Work task: Transcribe the listing verbatim, please, with images dropped.

Exercise data:
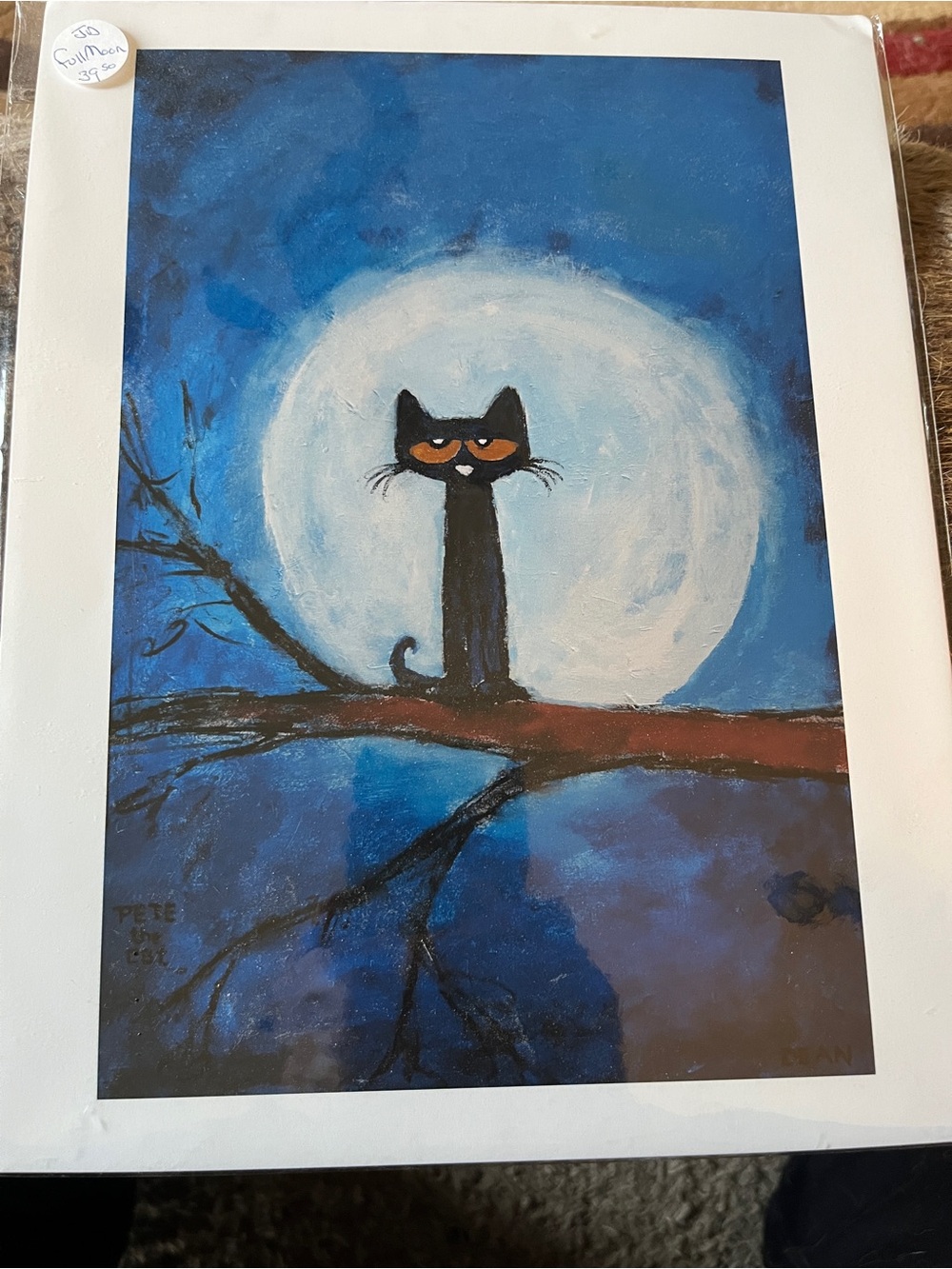 Blue Moon Cat Art Print by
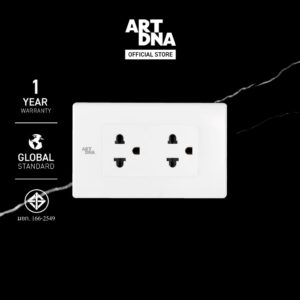 ART DNA รุ่น C3 Double 3 Pin Socket Size L สีขาว ขนาด 2x4" design switch สวิตซ์ไฟโมเดิร์น สวิตซ์ไฟสวยๆ ปลั๊กไฟสวยๆ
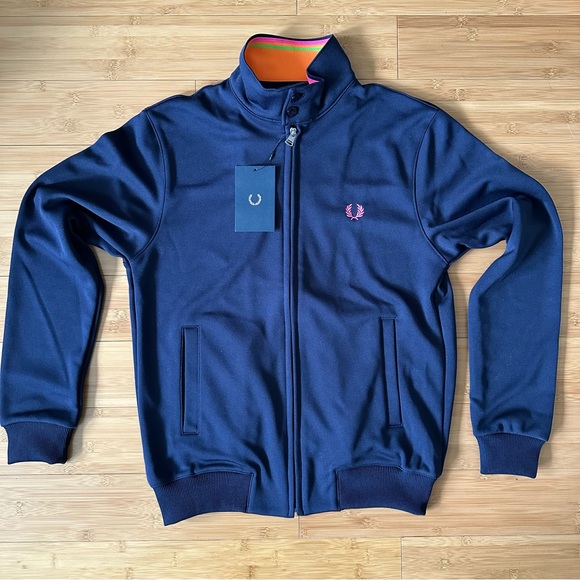 New FRED PERRY Made In Japan Stand Collar Neck Track Jacket S Navy Pink Laurel - Picture 14 of 16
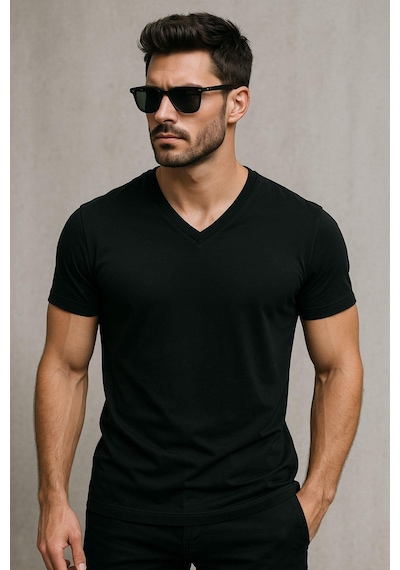 Rich Erkek V Yaka %100 Pamuk Kısa Kollu Siyah T-shirt Tişört SIYAH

Exercise response:
 Blue Moon Cat Art Print by
 ART DNA รุ่น C3 Double 3 Pin Socket Size L สีขาว ขนาด 2x4" design switch สวิตซ์ไฟโมเดิร์น สวิตซ์ไฟสวยๆ ปลั๊กไฟสวยๆ
 New FRED PERRY Made In Japan Stand Collar Neck Track Jacket S Navy Pink Laurel - Picture 14 of 16
 Rich Erkek V Yaka %100 Pamuk Kısa Kollu Siyah T-shirt Tişört SIYAH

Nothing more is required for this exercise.